Elena Gomez, 9, is the meteorologist on a live televised newscast at her magnet elementary school in Vista.
“I’ve learned that I have to speak up because otherwise people who are watching the video will not hear me at all,” says the student of the Casita Center for Technology, Science and Math.
Gomez speaks English as a second language. Her Mexican parents raised her with Spanish. As part of the fourth-grade news crew at Casita, Gomez has quickly improved her English fluency.
Their program includes a team of anchors, a sports reporter and behind-the-scenes graphic designers. All of them are fourth graders.
“Everything that we learn they taught us in a fun way,” Gomez says.
Most of the students at Casita are from low-income families. Forty percent speak English as a second language. Yet they’re outperforming children from more privileged backgrounds.

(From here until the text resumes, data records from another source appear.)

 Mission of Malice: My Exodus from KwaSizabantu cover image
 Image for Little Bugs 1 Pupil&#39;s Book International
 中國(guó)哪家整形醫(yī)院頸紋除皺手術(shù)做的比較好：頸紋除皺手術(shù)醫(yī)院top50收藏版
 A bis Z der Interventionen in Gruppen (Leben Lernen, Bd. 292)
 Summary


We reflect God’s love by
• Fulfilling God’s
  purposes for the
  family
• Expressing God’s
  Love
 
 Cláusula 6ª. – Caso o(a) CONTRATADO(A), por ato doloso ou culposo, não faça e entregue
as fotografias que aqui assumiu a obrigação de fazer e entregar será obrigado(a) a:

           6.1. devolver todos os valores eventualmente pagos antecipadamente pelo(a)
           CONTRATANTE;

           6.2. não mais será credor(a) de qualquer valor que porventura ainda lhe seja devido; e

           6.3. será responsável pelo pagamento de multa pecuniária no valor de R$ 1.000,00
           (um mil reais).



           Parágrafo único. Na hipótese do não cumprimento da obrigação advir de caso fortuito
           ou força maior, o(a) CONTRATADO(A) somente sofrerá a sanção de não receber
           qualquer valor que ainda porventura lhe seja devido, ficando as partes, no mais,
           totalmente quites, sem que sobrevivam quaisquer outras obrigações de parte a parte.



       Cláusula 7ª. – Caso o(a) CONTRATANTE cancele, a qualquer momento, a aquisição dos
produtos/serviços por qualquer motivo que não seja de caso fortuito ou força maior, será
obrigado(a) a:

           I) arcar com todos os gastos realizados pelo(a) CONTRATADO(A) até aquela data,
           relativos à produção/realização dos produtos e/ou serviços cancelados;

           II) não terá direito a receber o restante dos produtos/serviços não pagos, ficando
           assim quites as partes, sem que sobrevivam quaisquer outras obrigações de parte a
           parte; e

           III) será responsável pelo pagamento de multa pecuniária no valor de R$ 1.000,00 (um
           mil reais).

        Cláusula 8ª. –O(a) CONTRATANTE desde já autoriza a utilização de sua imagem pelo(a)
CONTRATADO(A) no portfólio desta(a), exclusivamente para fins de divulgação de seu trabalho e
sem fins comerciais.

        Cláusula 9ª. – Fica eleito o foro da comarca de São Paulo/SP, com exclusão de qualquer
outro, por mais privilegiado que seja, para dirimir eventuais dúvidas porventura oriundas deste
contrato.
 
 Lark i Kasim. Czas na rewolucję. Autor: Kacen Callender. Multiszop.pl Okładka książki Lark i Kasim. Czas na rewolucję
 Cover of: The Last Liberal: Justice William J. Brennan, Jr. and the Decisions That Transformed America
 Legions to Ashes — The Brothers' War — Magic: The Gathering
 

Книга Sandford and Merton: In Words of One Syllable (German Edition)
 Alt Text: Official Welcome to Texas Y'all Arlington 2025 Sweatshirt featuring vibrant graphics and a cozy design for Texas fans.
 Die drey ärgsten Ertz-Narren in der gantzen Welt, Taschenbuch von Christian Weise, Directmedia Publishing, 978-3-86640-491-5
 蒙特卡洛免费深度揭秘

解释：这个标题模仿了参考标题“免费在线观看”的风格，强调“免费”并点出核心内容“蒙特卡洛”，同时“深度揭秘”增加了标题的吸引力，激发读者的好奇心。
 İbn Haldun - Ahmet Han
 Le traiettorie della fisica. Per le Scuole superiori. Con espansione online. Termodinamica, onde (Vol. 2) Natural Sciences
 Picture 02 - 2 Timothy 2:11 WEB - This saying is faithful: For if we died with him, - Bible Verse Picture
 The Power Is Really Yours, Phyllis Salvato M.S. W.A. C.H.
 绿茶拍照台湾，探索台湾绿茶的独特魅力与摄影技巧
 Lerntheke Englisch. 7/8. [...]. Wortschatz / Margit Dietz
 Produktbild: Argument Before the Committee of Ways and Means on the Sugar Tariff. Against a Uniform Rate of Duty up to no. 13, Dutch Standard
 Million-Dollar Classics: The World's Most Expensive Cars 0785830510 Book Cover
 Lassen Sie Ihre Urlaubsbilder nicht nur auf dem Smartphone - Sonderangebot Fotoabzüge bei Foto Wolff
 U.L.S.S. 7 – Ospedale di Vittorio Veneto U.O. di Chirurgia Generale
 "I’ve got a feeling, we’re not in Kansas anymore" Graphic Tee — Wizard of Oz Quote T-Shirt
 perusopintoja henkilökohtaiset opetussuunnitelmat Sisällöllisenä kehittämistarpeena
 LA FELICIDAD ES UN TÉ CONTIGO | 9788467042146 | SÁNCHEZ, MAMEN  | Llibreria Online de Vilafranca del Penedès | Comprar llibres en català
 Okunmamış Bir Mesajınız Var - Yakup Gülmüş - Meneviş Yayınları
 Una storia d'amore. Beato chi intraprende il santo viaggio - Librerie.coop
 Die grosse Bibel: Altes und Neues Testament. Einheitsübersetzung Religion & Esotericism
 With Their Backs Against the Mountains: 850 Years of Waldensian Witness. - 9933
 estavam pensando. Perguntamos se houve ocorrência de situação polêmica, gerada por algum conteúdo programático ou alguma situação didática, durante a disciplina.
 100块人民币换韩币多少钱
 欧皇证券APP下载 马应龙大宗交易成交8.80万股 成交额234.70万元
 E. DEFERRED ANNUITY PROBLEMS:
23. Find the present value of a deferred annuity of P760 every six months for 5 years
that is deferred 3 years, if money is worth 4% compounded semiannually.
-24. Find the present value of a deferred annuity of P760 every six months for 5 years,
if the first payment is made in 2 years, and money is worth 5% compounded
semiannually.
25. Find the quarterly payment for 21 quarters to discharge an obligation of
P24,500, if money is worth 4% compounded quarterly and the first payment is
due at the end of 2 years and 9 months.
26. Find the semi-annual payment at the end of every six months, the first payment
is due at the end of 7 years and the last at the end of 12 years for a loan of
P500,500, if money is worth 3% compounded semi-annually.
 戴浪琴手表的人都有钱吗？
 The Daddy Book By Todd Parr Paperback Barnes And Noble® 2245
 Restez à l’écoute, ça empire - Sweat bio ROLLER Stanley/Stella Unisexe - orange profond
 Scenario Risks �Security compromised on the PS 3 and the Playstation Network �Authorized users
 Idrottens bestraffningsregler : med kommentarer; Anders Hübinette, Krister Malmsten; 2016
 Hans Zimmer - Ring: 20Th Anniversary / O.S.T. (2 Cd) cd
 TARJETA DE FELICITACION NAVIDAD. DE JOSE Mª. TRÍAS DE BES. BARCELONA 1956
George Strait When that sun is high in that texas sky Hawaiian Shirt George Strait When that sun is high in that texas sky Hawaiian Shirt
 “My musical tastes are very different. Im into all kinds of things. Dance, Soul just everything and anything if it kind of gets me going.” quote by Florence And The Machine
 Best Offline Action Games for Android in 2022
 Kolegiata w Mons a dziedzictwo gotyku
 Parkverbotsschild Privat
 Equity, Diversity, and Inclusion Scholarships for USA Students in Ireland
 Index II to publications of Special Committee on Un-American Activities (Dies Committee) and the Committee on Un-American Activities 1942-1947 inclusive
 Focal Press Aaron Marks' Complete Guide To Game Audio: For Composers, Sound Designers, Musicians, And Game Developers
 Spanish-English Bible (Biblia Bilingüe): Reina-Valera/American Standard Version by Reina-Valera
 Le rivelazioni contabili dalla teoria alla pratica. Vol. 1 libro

The magnet elementary school is beating all others in the Vista Unified School District, north of San Diego, on the Smarter Balanced Assessment Consortium tests, which evaluate Common Core standards for English language arts and literacy, as well as for math. Casita’s scores are also above state and county averages.
Principal Laura Smith says Casita is effective with children from foreign backgrounds because every classroom is bustling with hands-on, high-energy activity.
“A lot of times while they’re experiencing their learning, while they’re in an innovative environment, it really helps them build their language skills,” she says.
Whether it’s writing on desks to learn math, or caring for fish to learn about the circle of life, Smith says students are fully engaged in what they’re doing.
“It’s all inquiry-based,” she says. “So the cognitive load is on the students, where the students are doing a lot of the thinking and the inquiring and the teachers are facilitating that learning.”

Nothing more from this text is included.